Assignment:
What you return must match the listing exactly, with every image removed.

The data:
• • • •
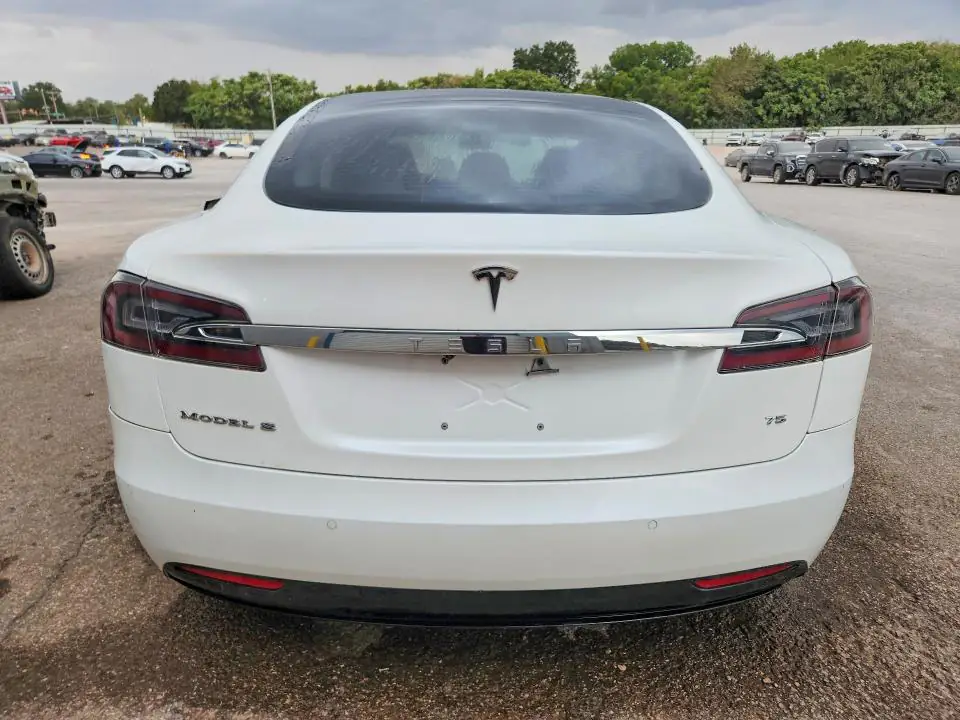 2017 Tesla Model S 5YJSA1E11HF225960 — фото 6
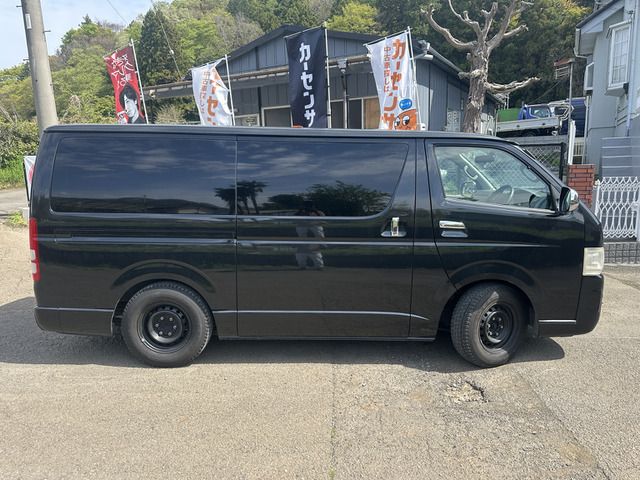 HIACE van 4WD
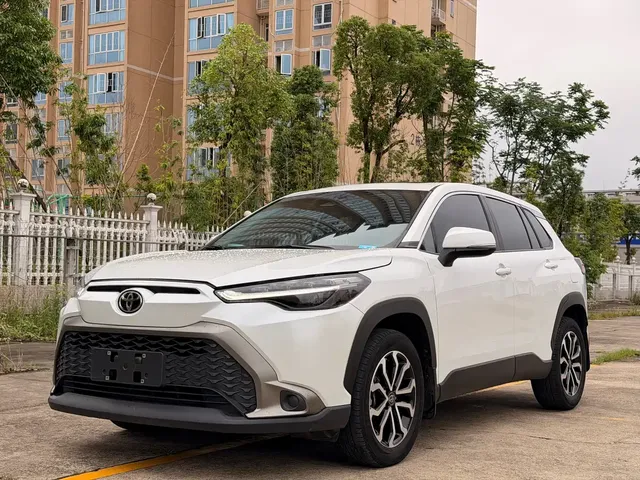 Toyota Frontlander 2023 2.0L CVT Luxury Edition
• • • •
Response area:
 2017 Tesla Model S 5YJSA1E11HF225960 — фото 6
 HIACE van 4WD
 Toyota Frontlander 2023 2.0L CVT Luxury Edition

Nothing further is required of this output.